But he explains that the luggage collaboration became an exercise in refinement, and as he designed the Fall collection he considered what he packs for his missions to Concordia. (“It’s not about private jet traveling, which I’m not the guy to promote,” he notes.) As any smart commuter on inter-Europe airlines knows, you check trunks of clothes at your own risk. Owens makes do with just a carry on. “I love packing and figuring out what’s the least I can get away with,” he says. “What is the least I can survive on? How do I make my choices count more?”
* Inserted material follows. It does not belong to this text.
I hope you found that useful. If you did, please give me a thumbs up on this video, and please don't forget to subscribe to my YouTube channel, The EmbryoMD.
So, what is Owens throwing in his new Rimowa, which he designed (in an edition of 500) with a rusty-Richard Serra-like bronzed shell? “For me, long johns,” he says. “I learned that when I came to Europe. At first, I would hate winter.” (Owens has said he doesn’t wear underwear.) “And then all of a sudden I go, well, what if I wore long johns every day? I love winter now.” Inside, models are pulling on black thermal underwear with a distinctive pentagram design across the crotch—a signature of the designer’s mirthful provocation. “I use the pentagram as a little bit of a heckle to conservatives,” he explains. “There’s a stone-throwing energy in the world right now. And when I use pentagrams, they are a vote against that. They’re a vote for tolerance and otherness.”
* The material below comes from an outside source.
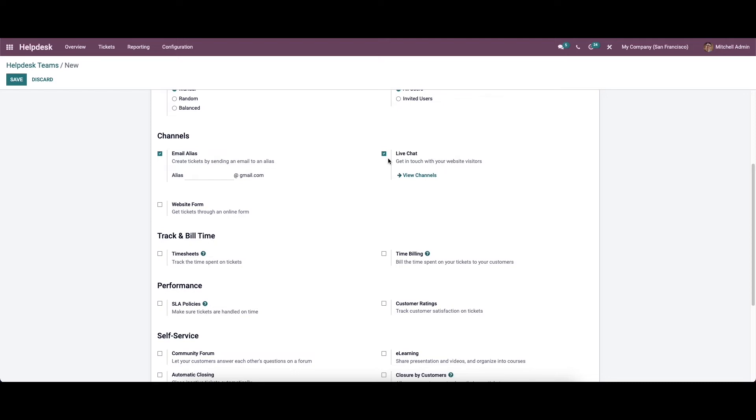It is also possible to provide a website form for your customers to submit their queries. For this we can enable the website form option. Using this feature a customer can generate support tickets from the company website. Odoo will automatically save the tickets in the help desk module and assign a team to manage them.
“Then beyond that, what do you need?” Owens muses. “You need a beautiful, perfect melton coat.” Owens designed several in heavyweight traceable wool: bomber, hooded zip-up cloak, top coat. Check, check, check. “And you need a beautiful, perfect black leather coat. With a statement collar.” Also some oversized bootcut jeans encrusted in waxy bronze foil and a new platform boot lifted by a wedge of sturdy rubber—a nod to the industrial footwear worn in his factory. Card-carrying Rick Owens cult members can also pack breathtakingly insectoid boots and mini-skirts fashioned from flares of painstakingly braided leather, a collaboration with the Parisian designer Victor Clavelly.
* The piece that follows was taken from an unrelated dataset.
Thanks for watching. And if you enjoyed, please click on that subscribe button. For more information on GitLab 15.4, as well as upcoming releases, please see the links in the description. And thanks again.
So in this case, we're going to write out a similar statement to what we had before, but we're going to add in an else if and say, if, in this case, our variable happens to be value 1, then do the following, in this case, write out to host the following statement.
Owens has always taken a 30,000-foot view of the industry, and his emphasis on reduction is as much a political as a practical matter. Before the designer whirls back inside to check on his troop of goth frequent flyers, he mentions the mountain of clothes and accessories luxury houses have unveiled this week. “It’s impressive,” he says. But as a luxury fashion designer himself he’s well aware of the sinister side of the insatiable demand for new stuff season after season. He calls it “voracious fashion.” “There are people like me that are kind of horrified by that,” he says. “We are making things that are non-essential, but aesthetics have always been an important part of culture. So we want to fit into that part. We don’t want to fit into the disposable consumption part.”
Though he has no true aesthetic peers, Owens says he appreciates the work of designers like French menswear minimalist Christophe Lemaire and the quiet luxury-leading Mary-Kate and Ashley Olsen. Rick Owens, even at its most pared-back, is not quiet luxury or quiet anything. But Owens seems to recognize in them a mutual monk-like devotion to creating beautiful clothes. “When I look at a Lemaire collection, that’s soothing and that’s nice,” he says. “And I like what The Row does. The values that they’re talking about are not voracious. They can still be a little bit private jet-y, but at least it’s a little bit of another option.”
As for the collections he panned? For that, you’ll have to wait for the documentary.